* _Goal of the exercise_
Output nothing except the lines from the one containing "Express Sherpa jacket." through the final line of the data, both included, typed exactly, minus the pictures.

* _The records_

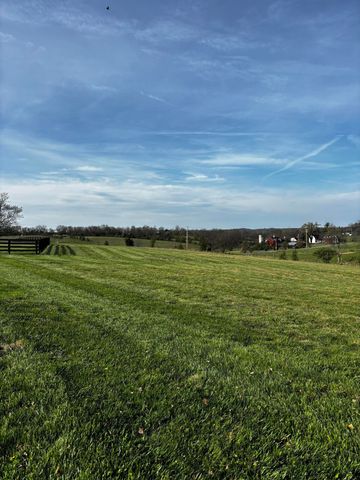 1062 Vanarsdall Road, Harrodsburg, KY 40330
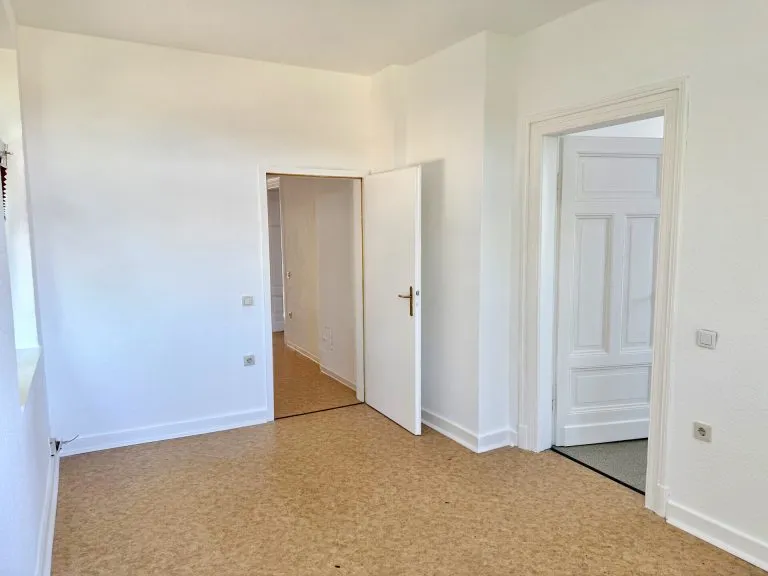 Immobilienangebot - Hachenburg VG - Alle - Ehemalige Schule mit Nebengebäude - Wohnen & Vermieten kombinierbar! Nähe Hachenburg!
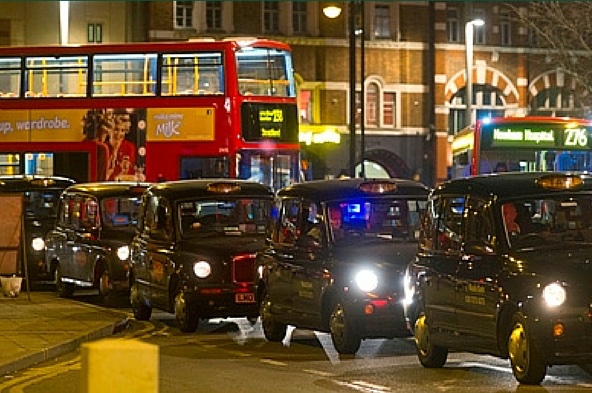 Britain's specialist transport union RMT calls for emergency support for iconic Black Cabs as government figures show 29% drop in vehicles in the last year bit.ly/3hqLmk9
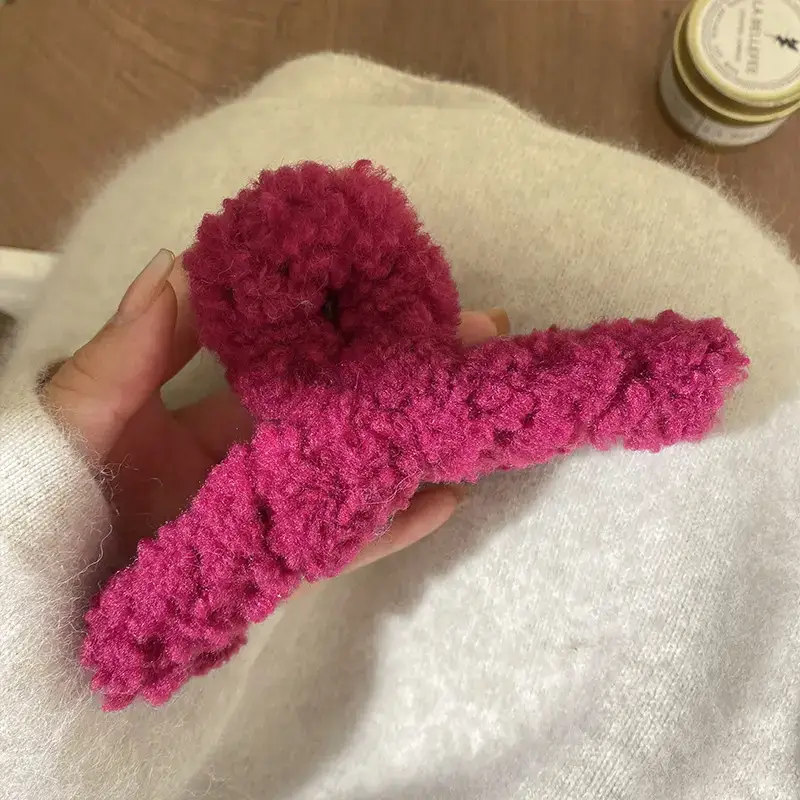 Plush Hair Clip for Women Large Shark Clip Autumn Winter - Image 2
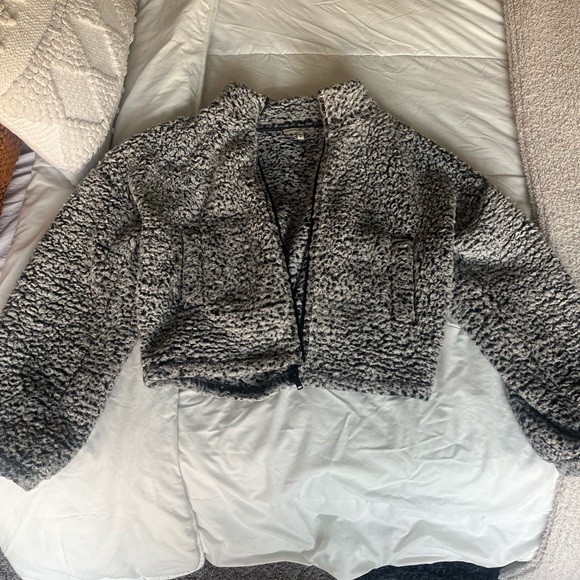 Express Sherpa jacket. Size medium! - Picture 2 of 4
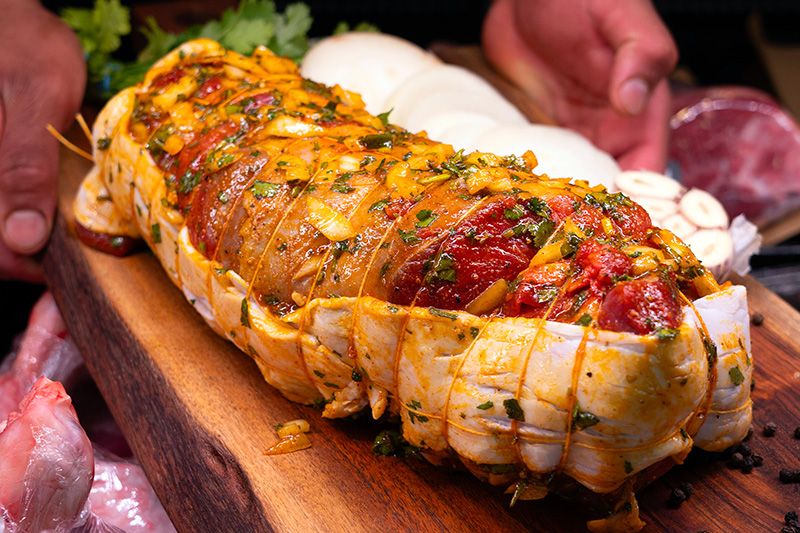 Un rôti d'agneau badigeonné avec une marinade façon orientale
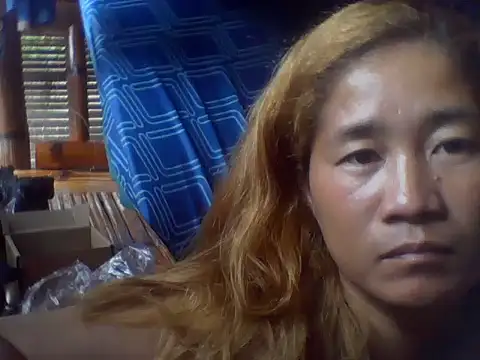 CreamyLhady_88 webcam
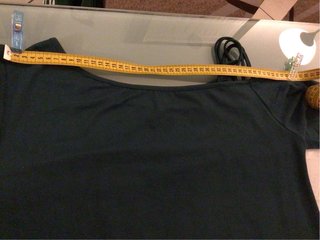 Maglia monospalla con maniche in pizzo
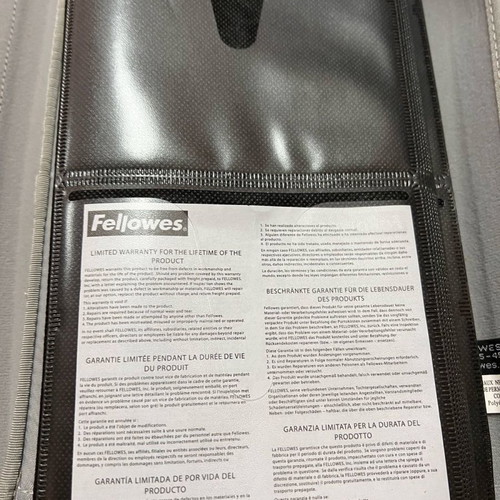 Body Glove (Fellowes) CD/DVD case used, black, holds 64 discs with zip closure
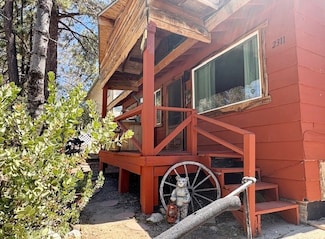 2311 Blue Jay Ln, Apple Valley, CA 92308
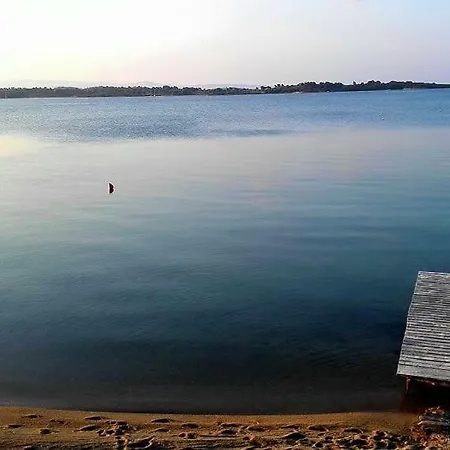 Private Seafront House In With Amazing View Of Diaporos Island Casa de Férias Vourvourou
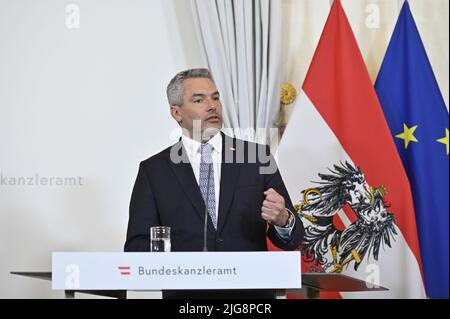 Wien, Österreich. 8. Juli 2022. Presseerklärung des Bundeskanzlers Karl Nehammer (ÖVP) im Bundeskanzleramt Wien Stockfoto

* _Result of this task_
 Express Sherpa jacket. Size medium! - Picture 2 of 4
 Un rôti d'agneau badigeonné avec une marinade façon orientale
 CreamyLhady_88 webcam
 Maglia monospalla con maniche in pizzo
 Body Glove (Fellowes) CD/DVD case used, black, holds 64 discs with zip closure
 2311 Blue Jay Ln, Apple Valley, CA 92308
 Private Seafront House In With Amazing View Of Diaporos Island Casa de Férias Vourvourou
 Wien, Österreich. 8. Juli 2022. Presseerklärung des Bundeskanzlers Karl Nehammer (ÖVP) im Bundeskanzleramt Wien Stockfoto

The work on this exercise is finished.